Among the many treasures of The al-Sabah Collection, Kuwait, are hundreds of games pieces dating from the seventh to the nineteenth century CE. Intricately crafted in a rich variety of materials, including ivory, wood, ceramic, glass, jade, and agate, these tiny objects not only mark the evolution of familiar games into their modern forms, but also evoke the imperial palaces, military camps, and herders’ tents in which they were played over many centuries.
Some of the most beautiful are a famous group of rock-crystal chess pieces that were kept in a monastery church in northern Spain for more than 800 years. They are presented here alongside other spectacular examples, some of which have never before appeared in a publication, including both early figural chess pieces that originated in India and the Sasanian empire and the more abstract forms that later became popular throughout the Islamic world. Other games pieces, such as dice and pachisi sets and an important medieval Arabic treatise on chess, complete the collection.
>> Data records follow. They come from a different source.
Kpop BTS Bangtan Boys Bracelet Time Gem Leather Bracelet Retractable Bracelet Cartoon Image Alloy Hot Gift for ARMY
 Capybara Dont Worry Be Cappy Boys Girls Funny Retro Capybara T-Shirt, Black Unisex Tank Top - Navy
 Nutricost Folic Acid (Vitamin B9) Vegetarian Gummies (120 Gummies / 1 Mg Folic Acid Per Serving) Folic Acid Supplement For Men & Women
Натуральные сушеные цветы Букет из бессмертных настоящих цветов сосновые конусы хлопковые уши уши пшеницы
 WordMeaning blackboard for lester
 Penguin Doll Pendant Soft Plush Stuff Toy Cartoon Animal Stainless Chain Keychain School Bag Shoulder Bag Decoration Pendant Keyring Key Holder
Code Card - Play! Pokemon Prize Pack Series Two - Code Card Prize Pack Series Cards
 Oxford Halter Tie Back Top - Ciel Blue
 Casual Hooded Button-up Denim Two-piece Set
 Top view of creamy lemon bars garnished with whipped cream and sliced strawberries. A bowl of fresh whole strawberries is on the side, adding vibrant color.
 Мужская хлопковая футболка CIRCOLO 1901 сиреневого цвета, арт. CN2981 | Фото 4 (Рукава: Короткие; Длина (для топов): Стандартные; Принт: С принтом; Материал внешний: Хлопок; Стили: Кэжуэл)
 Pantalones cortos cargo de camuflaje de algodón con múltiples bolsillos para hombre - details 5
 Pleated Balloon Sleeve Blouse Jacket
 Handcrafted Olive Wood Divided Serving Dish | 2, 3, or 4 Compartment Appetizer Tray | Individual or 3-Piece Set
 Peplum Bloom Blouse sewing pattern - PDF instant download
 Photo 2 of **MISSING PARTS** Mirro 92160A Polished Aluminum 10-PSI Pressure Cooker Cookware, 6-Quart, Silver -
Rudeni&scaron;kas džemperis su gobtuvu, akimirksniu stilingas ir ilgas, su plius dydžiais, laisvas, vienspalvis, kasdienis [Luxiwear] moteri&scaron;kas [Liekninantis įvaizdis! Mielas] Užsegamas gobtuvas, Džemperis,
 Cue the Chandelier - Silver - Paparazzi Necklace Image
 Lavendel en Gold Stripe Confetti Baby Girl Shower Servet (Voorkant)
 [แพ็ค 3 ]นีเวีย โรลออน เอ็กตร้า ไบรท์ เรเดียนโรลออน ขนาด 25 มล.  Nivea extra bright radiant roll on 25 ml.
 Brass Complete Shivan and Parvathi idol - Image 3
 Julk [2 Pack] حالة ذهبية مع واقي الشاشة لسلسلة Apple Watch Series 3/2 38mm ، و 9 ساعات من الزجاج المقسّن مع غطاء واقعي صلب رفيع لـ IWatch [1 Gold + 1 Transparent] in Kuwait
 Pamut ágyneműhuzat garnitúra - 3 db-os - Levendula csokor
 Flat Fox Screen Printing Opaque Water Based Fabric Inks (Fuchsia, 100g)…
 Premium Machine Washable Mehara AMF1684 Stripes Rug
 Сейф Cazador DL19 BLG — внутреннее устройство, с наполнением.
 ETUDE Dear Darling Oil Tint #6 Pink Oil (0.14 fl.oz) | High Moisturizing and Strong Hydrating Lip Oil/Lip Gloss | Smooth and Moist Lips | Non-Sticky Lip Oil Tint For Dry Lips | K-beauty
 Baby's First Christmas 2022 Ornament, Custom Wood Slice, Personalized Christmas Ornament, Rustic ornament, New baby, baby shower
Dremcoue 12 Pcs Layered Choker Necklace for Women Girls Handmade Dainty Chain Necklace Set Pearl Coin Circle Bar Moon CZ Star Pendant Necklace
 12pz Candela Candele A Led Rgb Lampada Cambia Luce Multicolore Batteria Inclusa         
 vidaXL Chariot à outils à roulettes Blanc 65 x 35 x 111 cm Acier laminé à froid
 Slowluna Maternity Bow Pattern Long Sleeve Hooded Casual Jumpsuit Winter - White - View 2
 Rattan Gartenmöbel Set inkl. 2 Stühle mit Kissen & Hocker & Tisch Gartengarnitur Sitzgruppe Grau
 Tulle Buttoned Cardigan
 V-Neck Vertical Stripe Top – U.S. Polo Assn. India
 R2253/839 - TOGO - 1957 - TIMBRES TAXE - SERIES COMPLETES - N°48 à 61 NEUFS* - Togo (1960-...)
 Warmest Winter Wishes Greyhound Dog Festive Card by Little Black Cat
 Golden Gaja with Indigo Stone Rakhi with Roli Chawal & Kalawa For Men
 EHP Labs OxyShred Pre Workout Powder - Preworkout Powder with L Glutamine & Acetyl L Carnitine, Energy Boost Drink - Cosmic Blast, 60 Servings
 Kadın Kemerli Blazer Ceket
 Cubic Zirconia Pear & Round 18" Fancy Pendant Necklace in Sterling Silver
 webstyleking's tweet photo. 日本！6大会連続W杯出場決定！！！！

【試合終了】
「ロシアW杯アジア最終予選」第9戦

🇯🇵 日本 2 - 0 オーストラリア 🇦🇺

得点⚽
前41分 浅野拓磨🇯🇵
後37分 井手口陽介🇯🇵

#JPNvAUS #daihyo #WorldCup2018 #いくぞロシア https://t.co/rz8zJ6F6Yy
This volume provides the definitive catalogue of this outstanding group of games pieces, some of which scientific testing has dated with precision for the first time, and includes more than 300 striking images.
Deborah Freeman Fahid
Deborah Freeman Fahid is a fellow of the Royal Asiatic Society of Great Britain and Ireland and former assistant curator and head of publications at The al-Sabah Collection, Dar al-Athar al-Islamiyyah, Kuwait. She has worked in the field of Islamic art since 1995, when she was appointed head of Islamic manuscripts and works on paper at Christie’s, London.